12 June 2026 5 min read
getting-started-with-ai-good-enough-prompting

Working with AI is a dialogue, not an order.

「一個指令一個動作」的內容產生器 → 需要耐心教導的「學徒」。

Example: Doctors using GPT-4 for diagnoses performed no better than those without it—and both did worse than GPT-4 alone. Why? They treated the AI like a search engine, asking narrow, factual questions instead of giving it full context and leveraging its ability to synthesize complex information.

As a New York Times article on the paper reported: “they were treating [the AI] like a search engine for directed questions: ‘Is cirrhosis a risk factor for cancer? What are possible diagnoses for eye pain?’ It was only a fraction of the doctors who realized they could literally copy-paste in the entire case history into the chatbot and just ask it to give a comprehensive answer to the entire question.” […] There are many stumbling blocks: people treat AI like Google, asking it factual questions. But AI is not Google, and do not provide consistent, or even reliable, answers.

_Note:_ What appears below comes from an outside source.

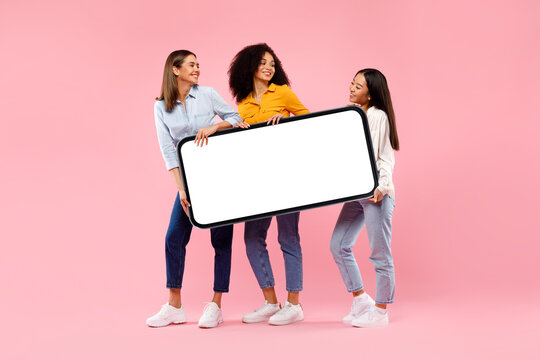 Young Diverse Women Holding Giant Smartphone With Mockup For Ad, Demonstrating Space For Your Design, Full Length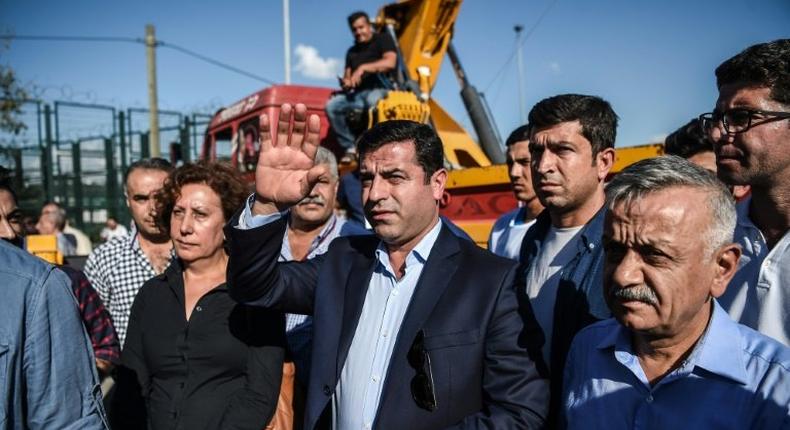Pro-Kurdish Peoples' Democratic Party leader Selahattin Demirtas waves during a peace rally against the war in Syria on September 4, 2016 in Istanbul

AIs are inconsistent and weird, and often have different results across different models. For example, they are sensitive to small changes in spacing or formatting; they get more accurate when you tell them to “read the question again;” they seem to respond better to politeness (but don’t overdo it); and they may get lazier in December, perhaps because they have picked up on the concept of winter break. Add to all of this the fact that getting good results out of AI without a lot of formal training is likely growing easier as larger models are less sensitive to changes in prompting technique than older AIs, and new techniques allow the AI to improve your prompt for you.


Prompt engineering isn’t the place to start. Instead, the key is spending 10 hours using AI on tasks you care about. This hands-on experience helps you naturally develop the intuition needed to prompt effectively.

You can learn details of prompt engineering and the basics of how LLMs work, of course, but for most people, that is not a required starting place. You just need to use AI enough to get a feel for what you can use it for in your area of expertise. The most important thing to do is to get 10 or so hours of use with an advanced AI system. And to do that you just need to be a good-enough prompter to overcome the barriers that hold many AI users back.

The single most useful thing you can do to understand AI is to use AI. There are lots of reasons people may decide to give up on using an AI quickly, from early hallucinations (the AI isn’t good enough) to existential discomfort (the AI is too good), but many of those initial reactions are tempered over time. Your goal is simple: spend 10 hours using AI on tasks that actually matter to you. After that, you’ll have a natural sense of how AI fits into your work and life. You’ll develop an intuition for effective prompting, and you’ll better understand AI’s potential.

Start by using it in areas of your expertise, where you are able to quickly figure out the shape of the jagged frontier of its ability. Because you are expert, you will be able to quickly assess where the AI is wrong or right. You do need to be prepared for it to give you plausible but wrong answers, but don’t let the risk of these hallucinations scare you off initially. Though hallucinations may be inevitable, you will learn where they are a big deal, and where they are not, over time. You can reduce the rate of hallucinations somewhat by giving the AI the ability to be wrong, for example, writing: if you’re unsure or necessary information, say “I don’t have enough information to answer this” can make a big difference.


I mean literally treat AI just like an infinitely patient new coworker who forgets 1 everything you tell them each new conversation. Two parts of this are analogous to working with humans (being new on the job and being a coworker) and two of them are very alien (forgetting everything and being infinitely patient). We should start with where AIs are closest to humans, because that is the key to good-enough prompting. As it is a coworker, you want to work with it, not just give it orders, and you also want to learn out what it is good or bad at.

Instead of treating AI as an intern or new grad hire, treat it like an infinitely patient coworker who:

  1. Is highly capable but needs specific guidance.

  2. Forgets everything at the end of each conversation.

  3. Never gets annoyed and tired of iterating.

    This introduces something new in intellectual life, abundance. You don’t need to ask for one email, ask for three in different tones to inspire you. You don’t need to ask for one way to complete a sentence, ask for 15 options and see if that unlocks your writing. Don’t ask for 5 ideas, ask for 30.

    Your job becomes one of pushing for variation (“give me ideas that are 80% weirder”), recombination (“combine ideas 12 and 16”) and expansion (“more ideas like number 12”), before selecting one you like.

Footnotes

  1. Give it whatever information you have lying around: entire documents, instruction manuals, or even previous conversations are often helpful, just remember to pay attention to the AI’s memory, its context window.